Le strutture dovranno rispettare dimensioni contenute: altezza massima di 1,50 metri, larghezza e profondità non superiori a un metro. Dovranno essere appoggiate al suolo — come cavalletti o treppiedi — e realizzate in ferro nero o antracite, oppure in legno, in linea con il contesto storico della via.
Un vincolo fondamentale riguarda il passaggio pedonale: dovrà essere sempre garantito uno spazio libero di almeno un metro. Gli espositori potranno essere collocati solo durante l’orario di apertura e dovranno essere rimossi alla chiusura, senza lasciare alcun tipo di accumulo o deposito all’esterno.

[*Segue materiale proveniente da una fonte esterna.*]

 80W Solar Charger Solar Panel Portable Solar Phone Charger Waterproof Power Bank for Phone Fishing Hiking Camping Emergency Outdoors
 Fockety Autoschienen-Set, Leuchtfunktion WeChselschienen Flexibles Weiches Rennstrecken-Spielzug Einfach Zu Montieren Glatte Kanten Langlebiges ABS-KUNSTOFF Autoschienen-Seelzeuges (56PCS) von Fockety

Stop alle merci appese alle facciate
L’ordinanza vieta esplicitamente l’esposizione di merce agganciata ai prospetti degli edifici, una pratica diffusa che comprometteva l’aspetto visivo degli stabili storici lungo il tracciato ottocentesco della via.

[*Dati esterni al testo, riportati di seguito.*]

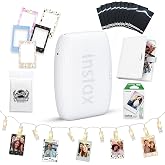 Fujifilm Instax Mini Link 3 Printer Clay White - Film &amp; Display Kit | Everything to print, frame &amp; display instax mini photos in one Moshify Kit: film, album, magnetic frames &amp; string lights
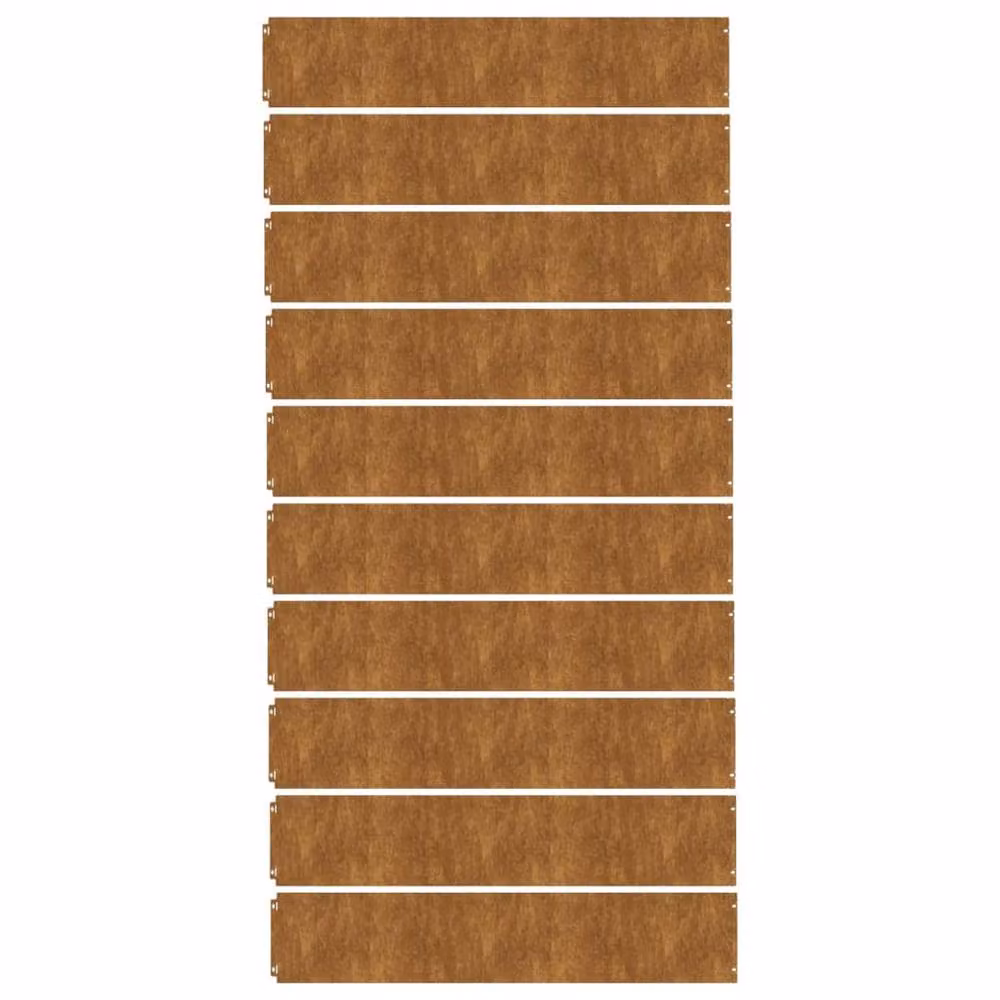 Berkfield Home Flexible Corten Steel Lawn Edgings, Brown, 10 Pieces, W/H: 20 x 103 cm – 3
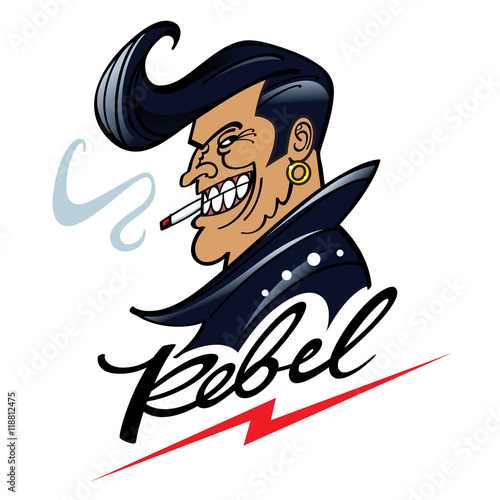 Rebel with a cool hairstyle, in leather jacket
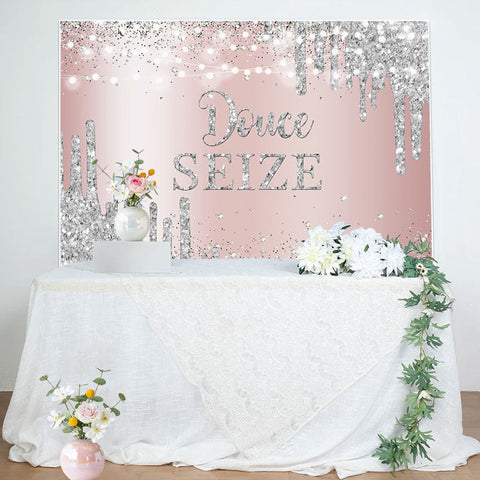 Doux Seize Rose Or Argent 16ème Anniversaire Toile de fond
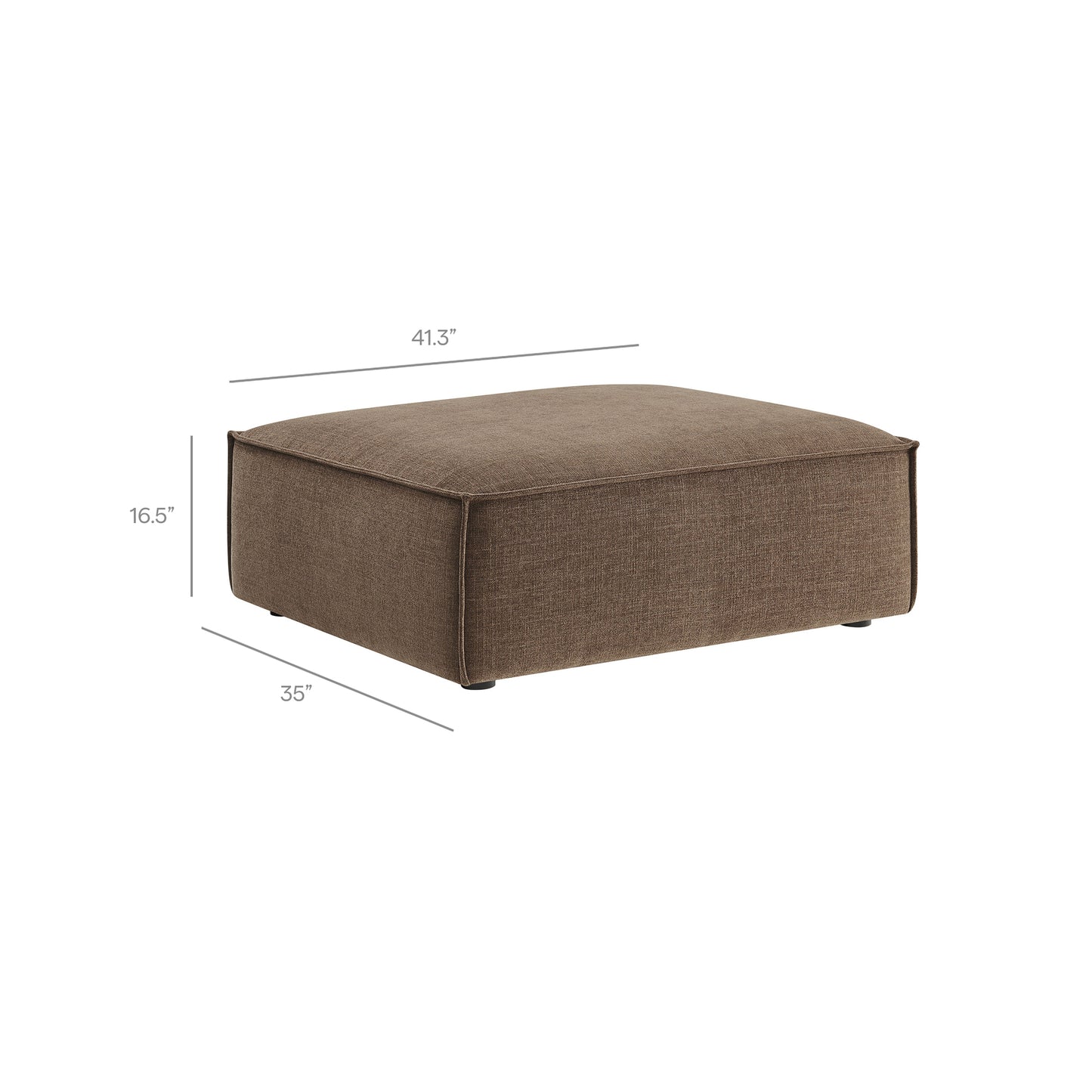 Atlas Performance Fabric Upholstered Modular Ottoman in Mocha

Le strutture dovranno essere disposte in un’unica fila parallela alla facciata dell’esercizio, all’interno dello spazio di pertinenza, senza invadere aree non consentite. Sono previste anche sanzioni accessorie per chi non rispetta le norme, tra cui il ripristino immediato dello stato dei luoghi e la chiusura dell’esercizio.
Le deroghe previste: fiori, ortofrutta e biciclette
Il regolamento contempla alcune eccezioni mirate. I negozi di piante, fiori e ortofrutta potranno utilizzare piccole rastrelliere a gradoni, strumento tipico del settore. Le attività di vendita o noleggio biciclette avranno invece a disposizione una rastrelliera dedicata, con lunghezza massima di due metri.

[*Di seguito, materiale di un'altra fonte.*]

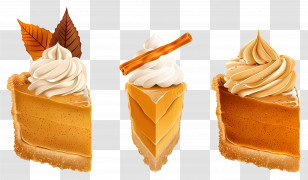 Thanksgiving Pie - Delicious Pumpkin Pie Slices With Whipped Cream Transparent PNG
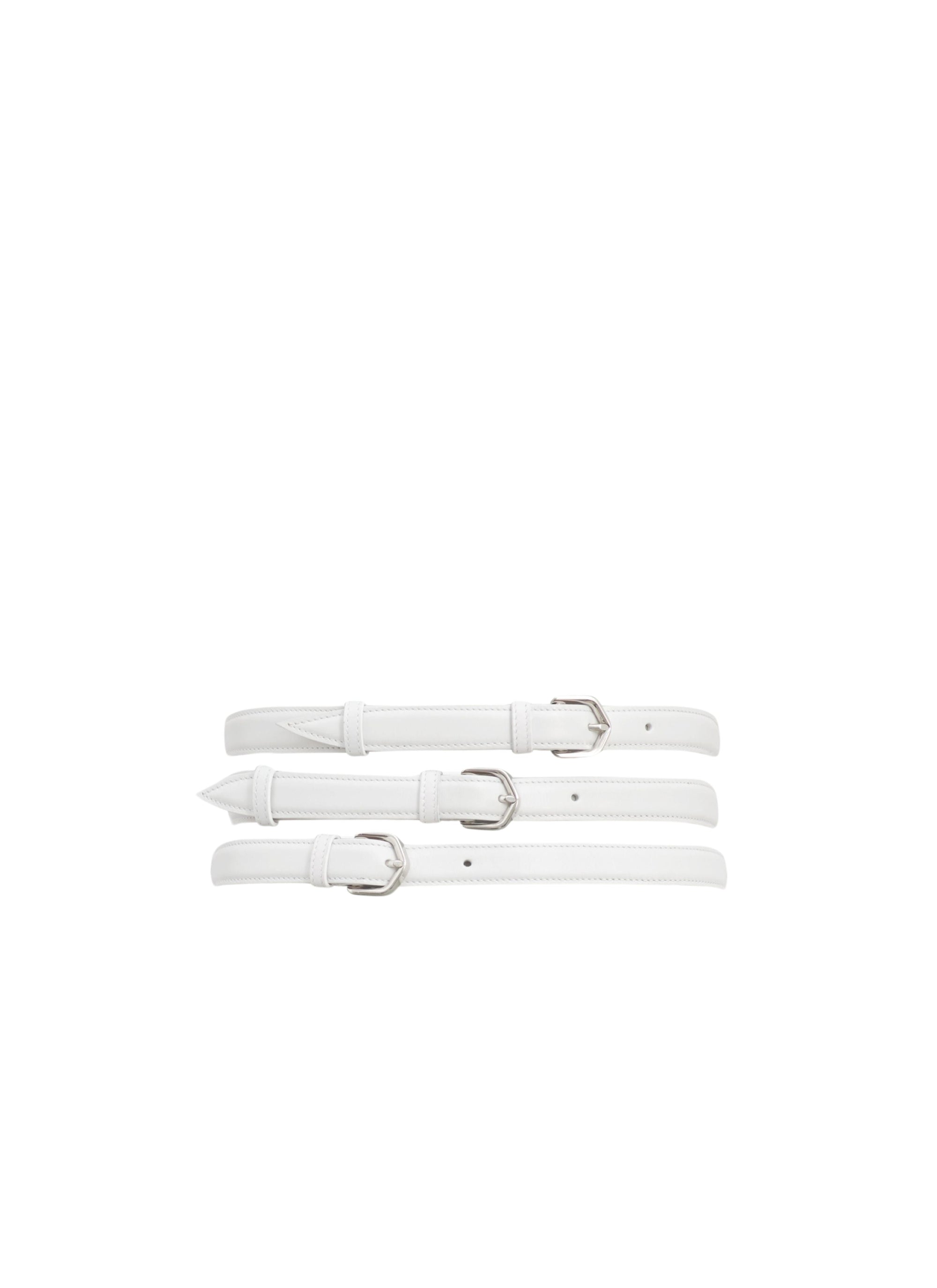 Ceinture multi boucles en cuir - Blanc Optique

“Questo intervento nasce dall’esigenza di restituire decoro e armonia a via Roma, nel pieno rispetto della sua storia e del suo valore monumentale. Le regole sono state definite anche grazie alle indicazioni della Soprintendenza ai Beni culturali, a conferma di una visione condivisa che punta a coniugare attività economiche e tutela del patrimonio. L’obiettivo dell’amministrazione è quindi quello di trovare un equilibrio tra le esigenze delle attività commerciali e la necessità di preservare il decoro urbano, in una delle vie più rappresentative del capoluogo” – il sindaco, Roberto Lagalla
L’assessore Forzinetti: “Regole uguali per tutti”
“Vogliamo garantire regole uguali per tutti e un maggiore rispetto degli spazi pubblici. Il decoro urbano è un elemento fondamentale non solo per i cittadini, ma anche per l’attrattività commerciale e turistica della città. Con questa ordinanza chiediamo collaborazione agli operatori per costruire insieme un’immagine più ordinata e accogliente di Palermo” – l’assessore, Giuliano Forzinetti
Un provvedimento che guarda al futuro della città
L’ordinanza si inserisce in un quadro più ampio di riqualificazione del centro storico palermitano, con un occhio rivolto anche alla dimensione turistica. Via Roma — asse portante tra la stazione centrale e il cuore del centro — torna così al centro di un progetto di cura dello spazio pubblico che coinvolge istituzioni, Soprintendenza e commercianti. La sfida, ora, è trasformare le regole in abitudine condivisa.